■ YOUR GOAL
Each line of the records must appear in your answer exactly, with no pictures.

■ DATA PROVIDED
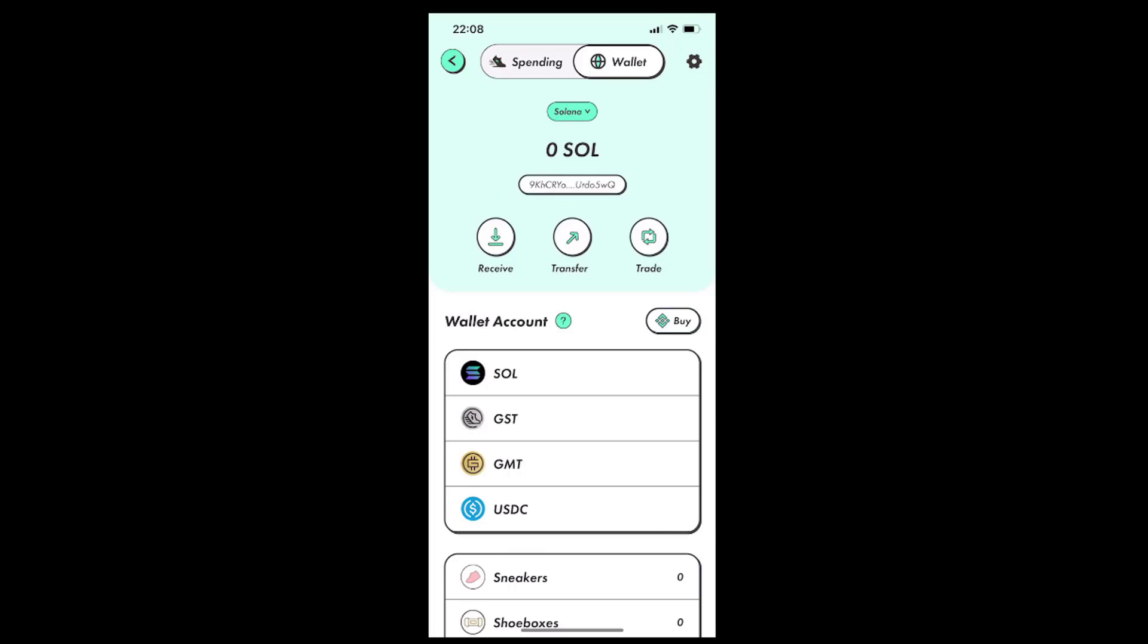Hi everyone, so now that we have deposited the SOL cryptocurrency to our Binance account, we can now move to our next goal. Our next goal is to transfer the SOL cryptocurrency from Binance to our Solana digital wallet so we can use our SOL coins inside the Stepn app.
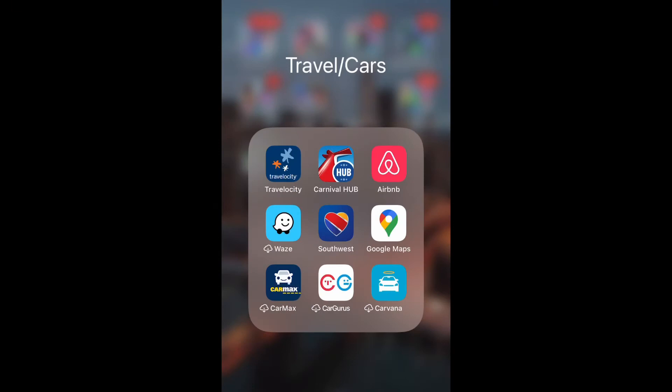What is up guys, Britt Tech here back with another video and today I'm going to be showing you how to change Google Maps distance units from automatic to kilometers or miles. So let's get into it.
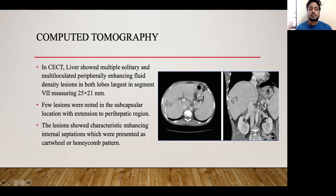The patient was taken up for NCECT, which showed multiple solitary and multi-loculated peripherally enhancing fluid-density lesions in both lobes of the liver, with the largest in segment 7 measuring 25 by 21 mm. A few lesions were in subcapsular location with extension to the perihepatic space. The lesions showed clustered co-enhancing internal septations presenting as a cartwheel or honeycomb pattern, as seen in these images.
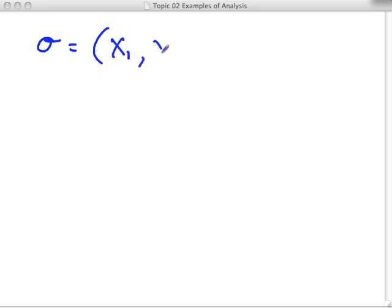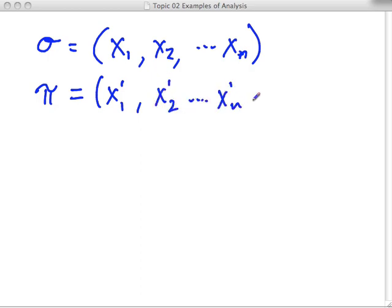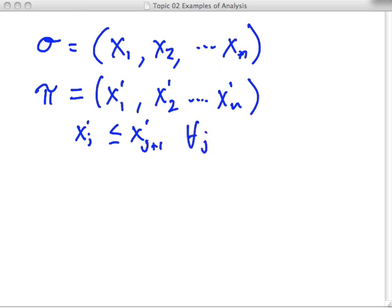We have a sequence sigma of real numbers — x1, x2, ... xn. The sorting problem is to output a permutation of sigma, which we'll call pi, which is some reordering of these numbers: x prime 1, x prime 2, ... x prime n. The prime indicates these are not the same positions; the x indicates they're taken from the same set but may be in a different order. Part of the specification is that we output this permutation satisfying the condition that x prime of j is less than or equal to x prime of j plus 1, for all j between 1 and n.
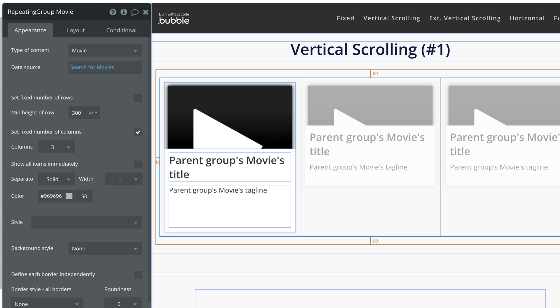To make a vertical scrolling repeating group we uncheck fixed number of rows. This unlocks the repeating group's rows from being fixed so we can scroll down to see more.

■ TASK ANSWER
Hi everyone, so now that we have deposited the SOL cryptocurrency to our Binance account, we can now move to our next goal. Our next goal is to transfer the SOL cryptocurrency from Binance to our Solana digital wallet so we can use our SOL coins inside the Stepn app.
What is up guys, Britt Tech here back with another video and today I'm going to be showing you how to change Google Maps distance units from automatic to kilometers or miles. So let's get into it.
The patient was taken up for NCECT, which showed multiple solitary and multi-loculated peripherally enhancing fluid-density lesions in both lobes of the liver, with the largest in segment 7 measuring 25 by 21 mm. A few lesions were in subcapsular location with extension to the perihepatic space. The lesions showed clustered co-enhancing internal septations presenting as a cartwheel or honeycomb pattern, as seen in these images.
We have a sequence sigma of real numbers — x1, x2, ... xn. The sorting problem is to output a permutation of sigma, which we'll call pi, which is some reordering of these numbers: x prime 1, x prime 2, ... x prime n. The prime indicates these are not the same positions; the x indicates they're taken from the same set but may be in a different order. Part of the specification is that we output this permutation satisfying the condition that x prime of j is less than or equal to x prime of j plus 1, for all j between 1 and n.
To make a vertical scrolling repeating group we uncheck fixed number of rows. This unlocks the repeating group's rows from being fixed so we can scroll down to see more.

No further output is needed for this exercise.